The most insidious of these are the ones whose meaning shifts are subtle enough that it’s not so obvious from context that today's meaning doesn’t work: “know” for recognize; "careless" for carefree or indifferent; “miss” for notice that something is missing; “meet” for "meet up"(get together with) or “bumped into."
Additional subtle differences include greater use of "well" for "good"; "It would be well for...." And use of "false"/"untrue" for deceptive or disloyal.
At the other end of the spectrum there’s “mere” for lake—a false friendship that is purely incidental.
Even now things are a-changin’: “before” is narrowing into a purely temporal adverb, losing its locative sense of “in front of;" while "within" has retained its locative sense ("inside of"), "without" no longer as "outside of" as one if its meaning.
Other temporal adverbials no longer exist: “of an evening,” as recently as Dickens’ day, meant “in the evenings.”
Another complication are the pronouns “I” and “you,” which subservient speakers often eschewed in favor of “your servant” (for “I”) and “my lord” (for “you”). Thus we have Judah, subservient to Joseph (but not his servant), saying to him (whom he doesn’t recognize as his brother) “May it please my lord, let your servant have a word privately with my lord. Do not be angry with your servant…”
As for third person pronouns (“he” and “she”), these are often avoided, at least in the more florid of archaic prose, in favor of epithets like “the fighter on foot” for he, Beowulf, and “the water-wife” for she, Grendel’s mother.
Then there's the use (e.g., in Jane Austen and George Eliott) of "my" where we'd say "our," as when one of the Bennett sisters, speaking to another one, refers to "my aunt" or "my father."

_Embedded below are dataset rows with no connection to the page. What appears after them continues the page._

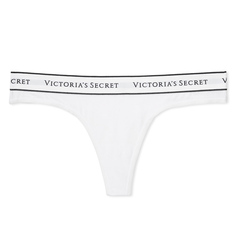 Трусы Victoria&apos;s Secret Logo Cotton Thong Smooth, белый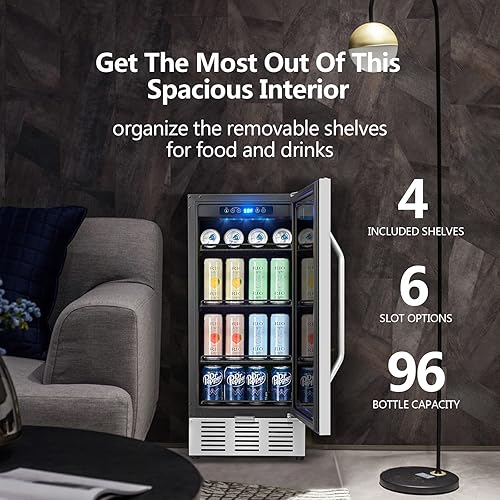 Miniatura 5 de Refrigerador de bebidas de 15 pulgadas, enfriador de bebidas debajo de la encimera, refrigerador silencioso de bebidas de 126 latas con puerta de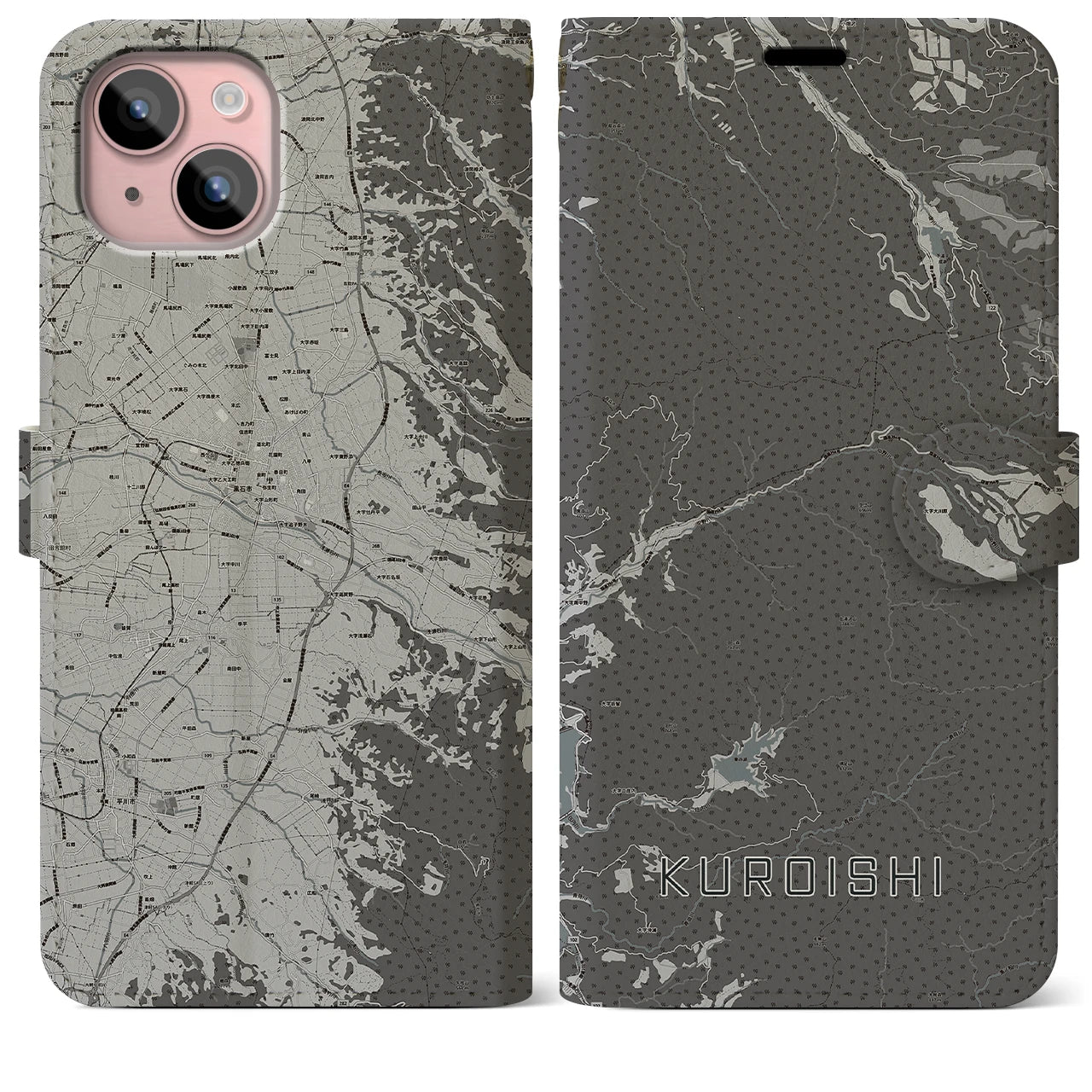 【黒石(青森県)】地図柄iPhoneケース(手帳タイプ)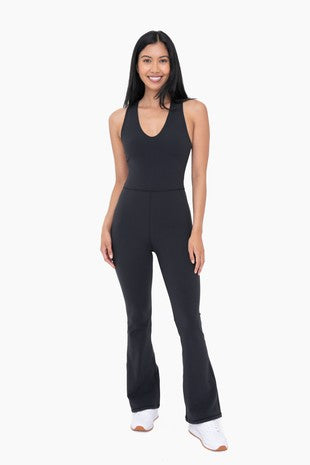Cross Back Knot Flare Jumpsuit- Black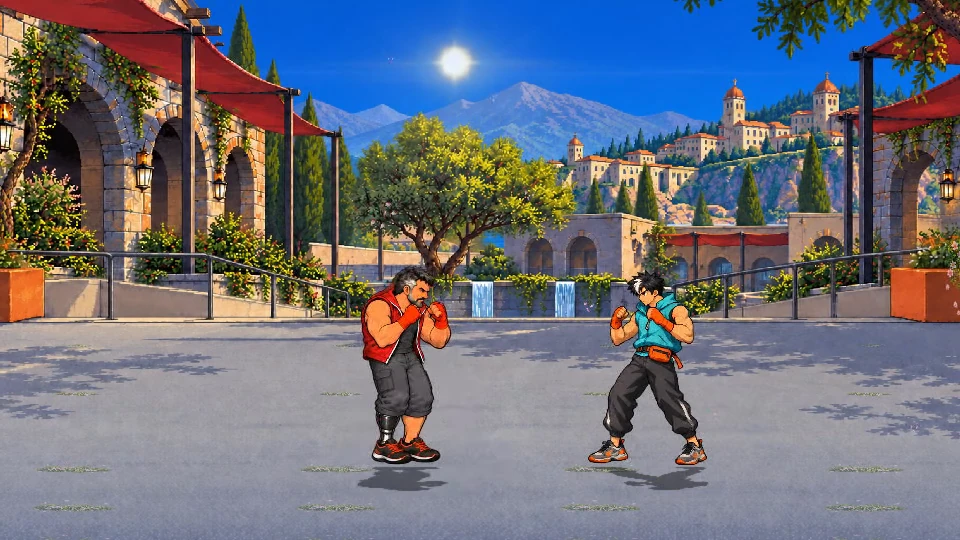 Elias and Ren on Secondwind Courtyard in bright daylight, with sunlight on the buildings and moving character shadows.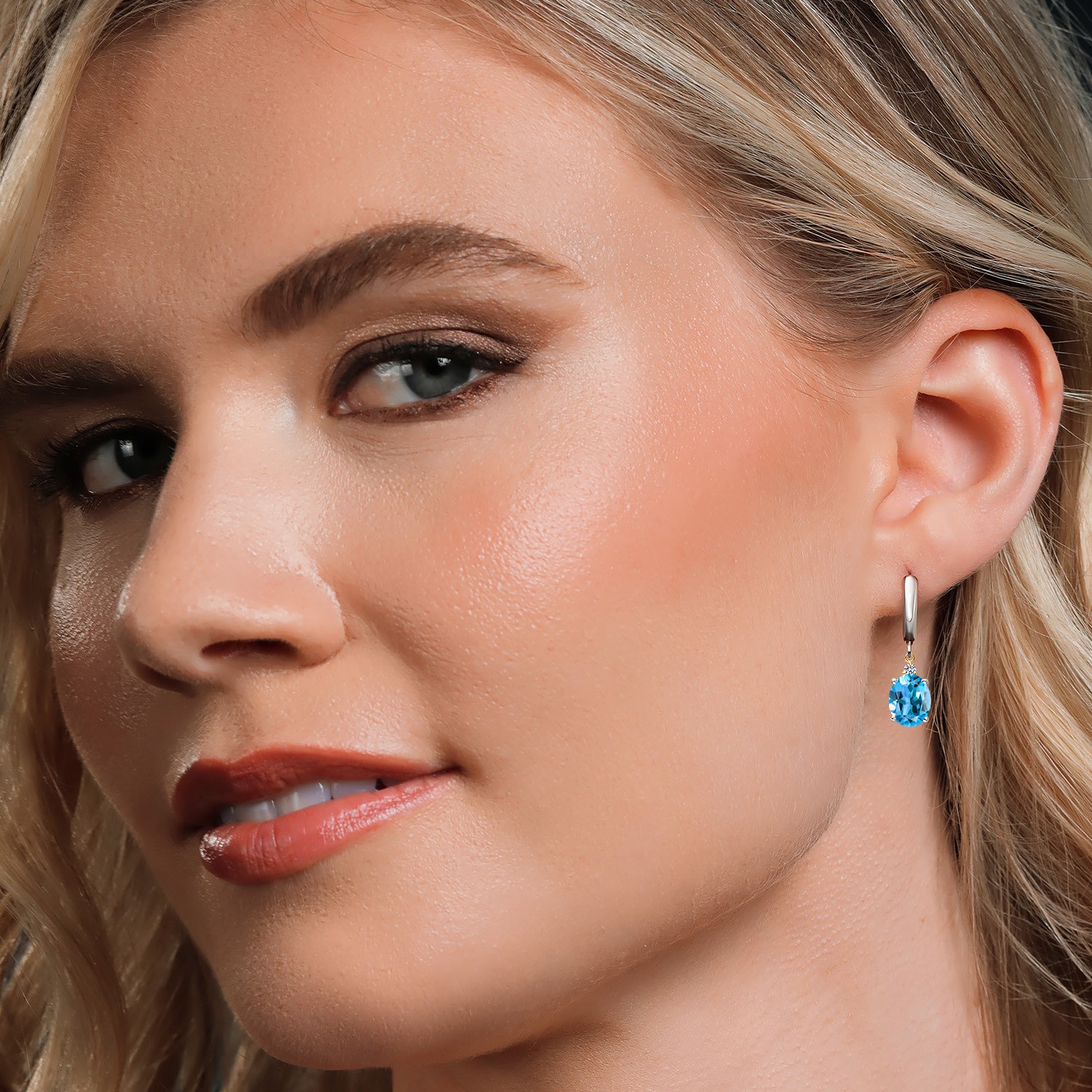 925 Silver and 10K Yellow Gold Swiss Blue Topaz and Lab Grown Diamond Dangle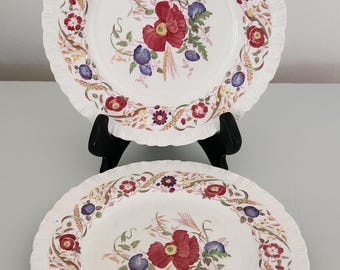 Vintage Porcelain Wedgwood Coneflower Dessert Side Plates 6 1/2" Set Of 2 Etruria England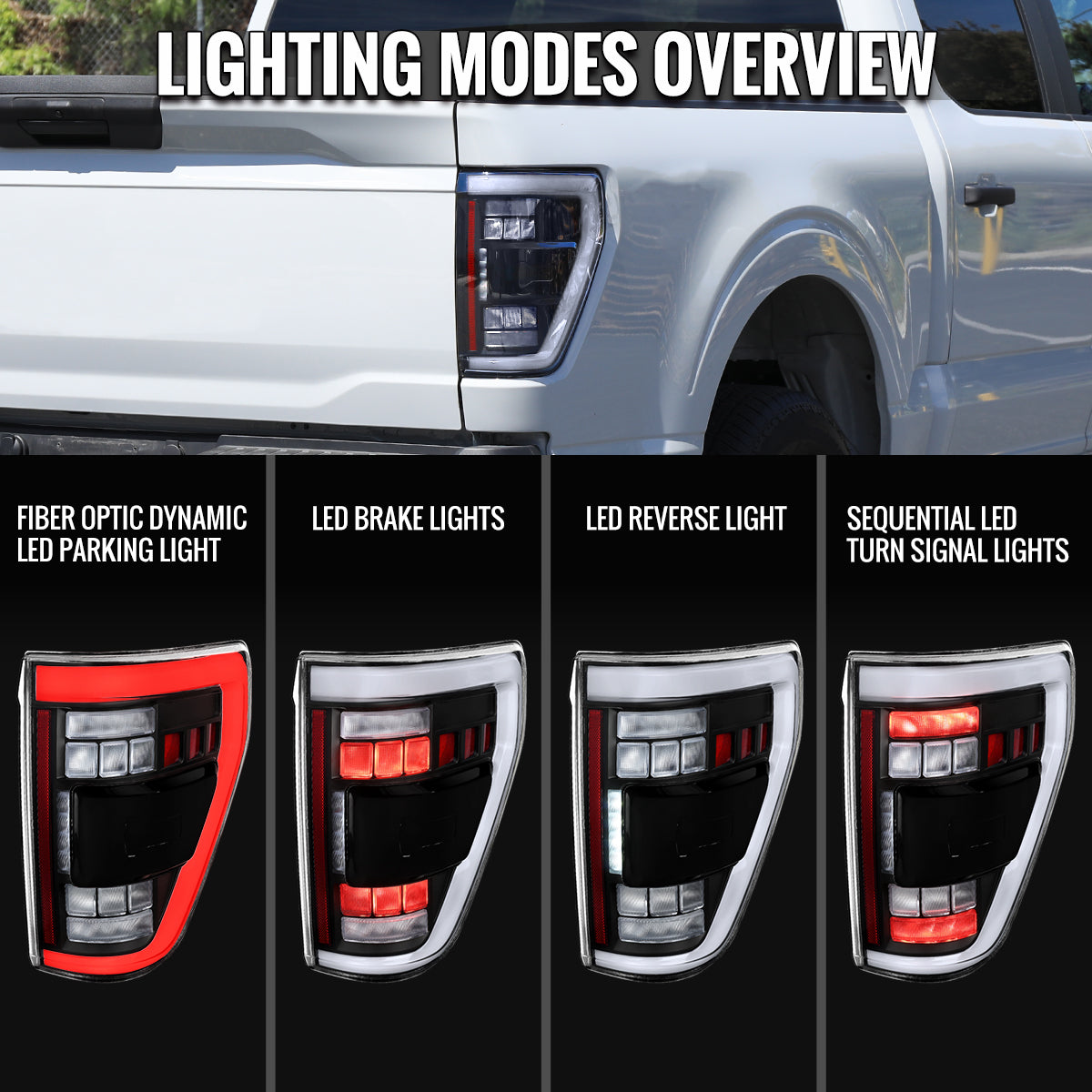 2021??‚??2023 Ford F-150 LED Tail Lights w/ Switchback Sequential Turn Signals (Matte Black Housing / Clear Lens)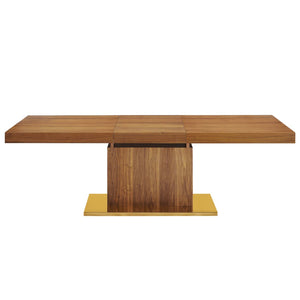 Modway Furniture Vector Expandable Dining Table – Modern Glamour Meets Practical Function for Stylish Gatherings Walnut Gold EEI-4660-WAL-GLD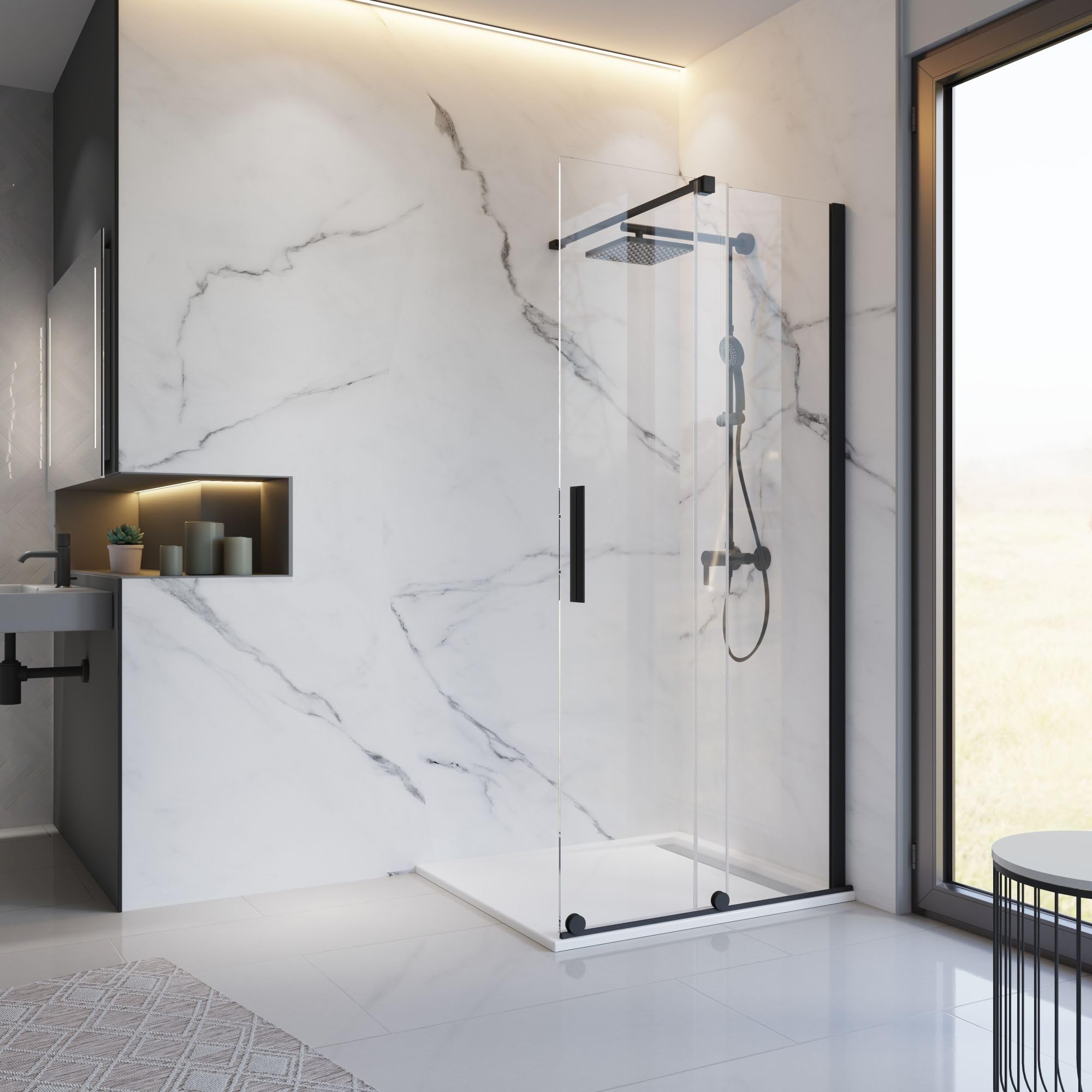 schulte-paroi-de-douche-italienne-100x200-cm-noire-verre-6-mm image 1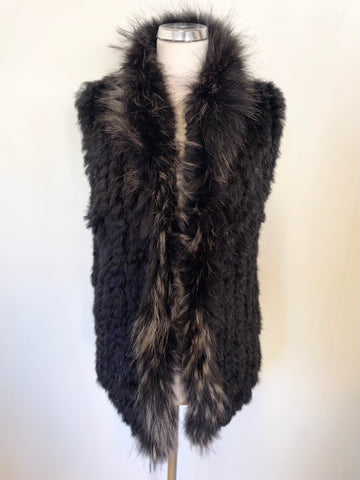 BRAND NEW JAYLEY COLLECTION BLACK FOX & CONEY FUR GILET ONE SIZE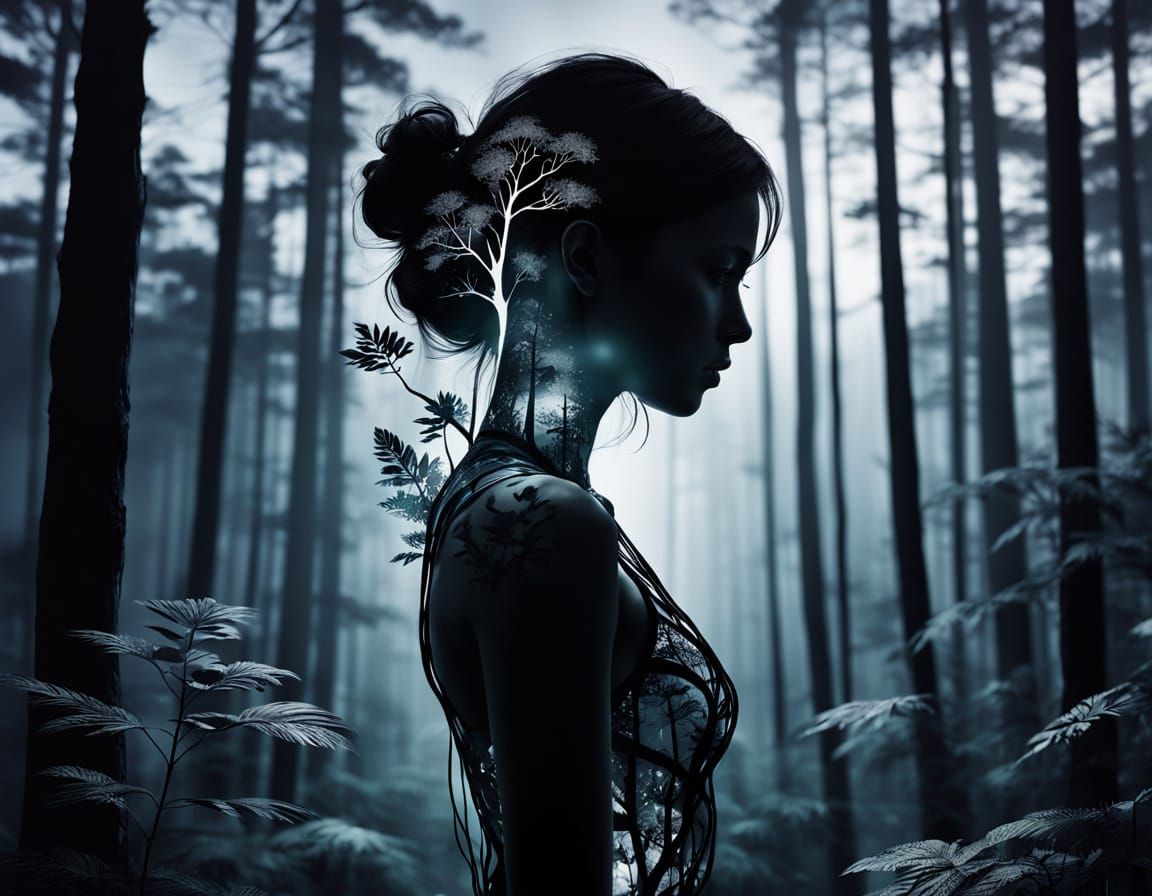 Midnight Forest Scene with Ultra Realistic Silhouette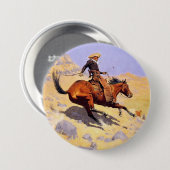De Cowboy (van Frederic Remington) Ronde Button 7,6 Cm (Voorkant /achterkant)
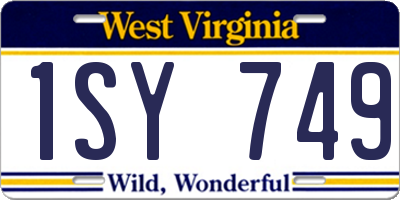 WV license plate 1SY749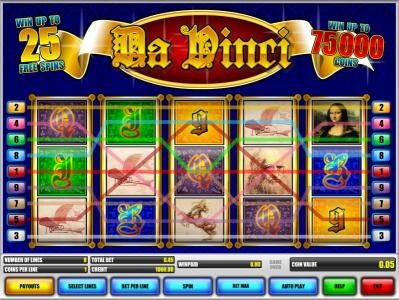 slot game is configured with nine paylines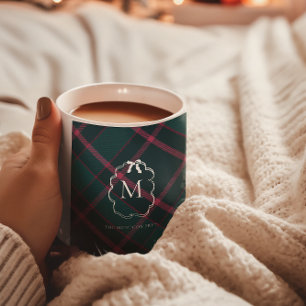 Green & Pink Tartan   Custom Monogram 2 Photo Coffee Mug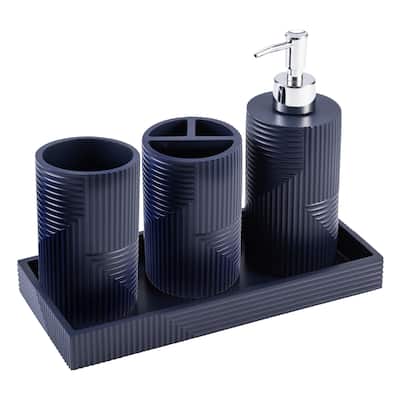 Kralix 4pc Sedona Resin Paint Coated Bath Accessory Set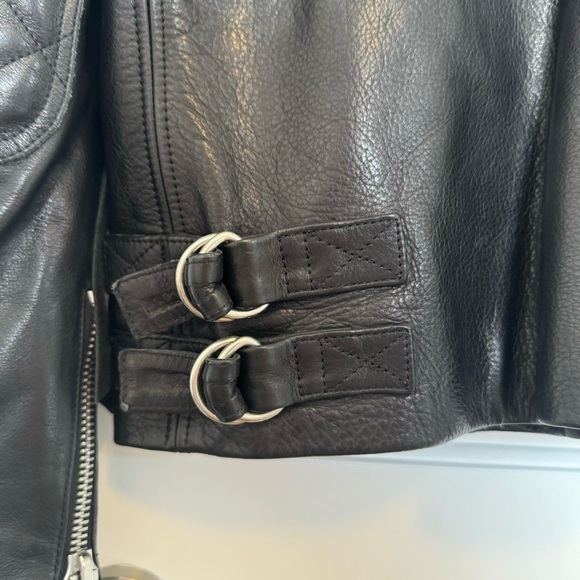 Acne Studios Calf Leather Biker Jacket Black Size 48 - Picture 6 of 16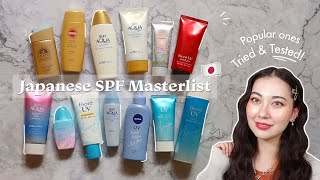 Japanese Sunscreen Review ☀️ Most popular JSPFs tried and tested [upl. by Solracsiul]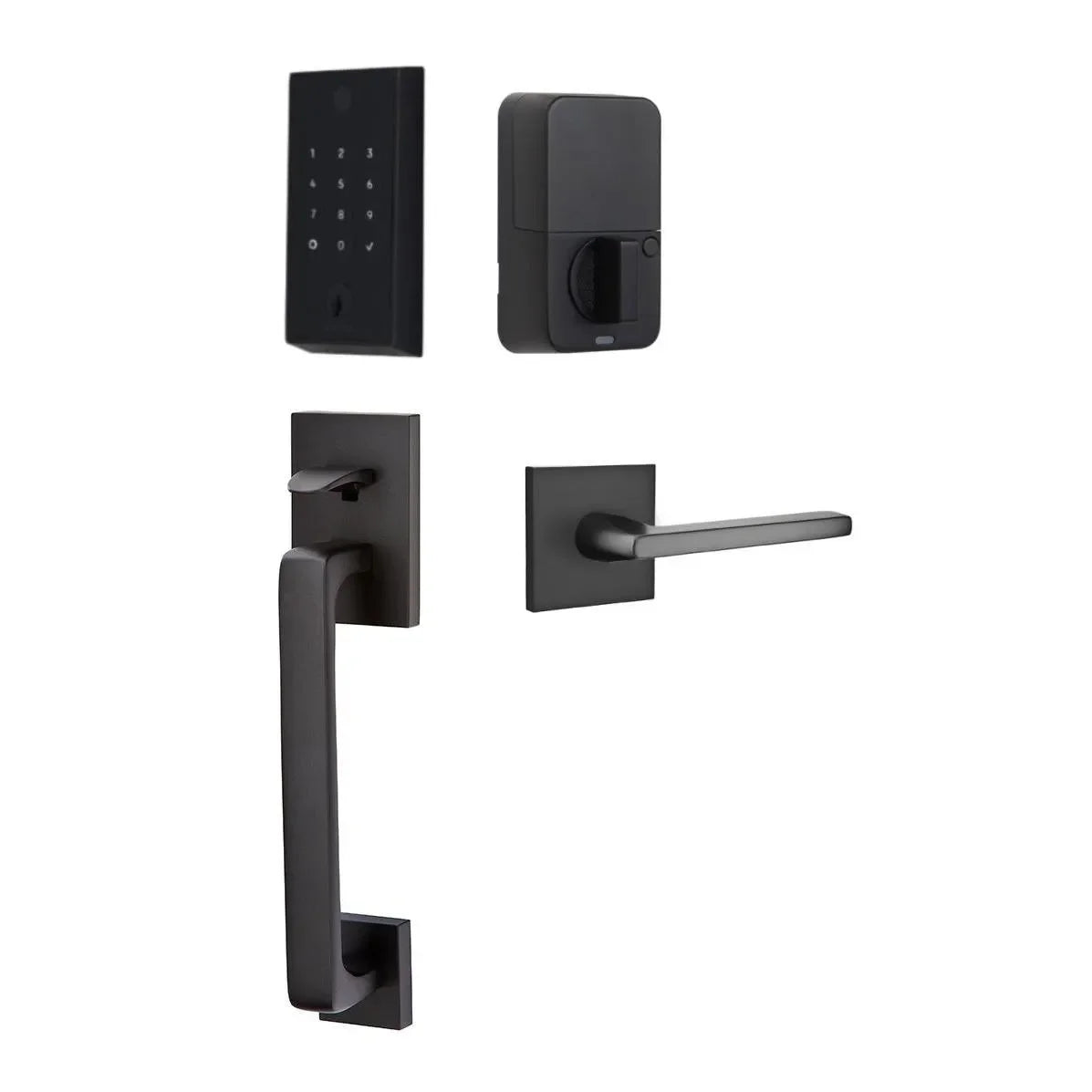 The Emtek EMPowered 2 Touch Entry Set with Baden Grip and Interior Helios Lever in Flat Black finish.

For naïve readers, already derailed by all that unfamiliar syntax, all that syntactic complexity, and all those false friends, context may be too confusing to provide antecedents for “your servant” or “the water-wife,” and they may instead assume that additional characters have appeared out of nowhere. Bafflement snowballs.
Decreasingly confident in their ability to make any sense of it all, they may start tuning out, losing the presence of mind necessary to decode even rather obvious idioms in passages like:
Beowulf bade be fitted by a good sea-goer that fare over the swan road, over the sea streets, Hrothgar to help in his horror.The result is that, to most students today, this kind of archaic prose really is a foreign language.
And this brings me to one additional handicap that these kids face if and when they ever encounter older texts: their foreign language instruction, or lack thereof. As I’ve noted earlier, there has been a serious decline in foreign language grammar instruction and in text translation exercises.
In short, not only do today’s students lack the longitudinal, incidental exposure to archaisms that would make these texts more accessible; they also increasingly lack the tools necessary to tackle them as the foreign texts they otherwise become.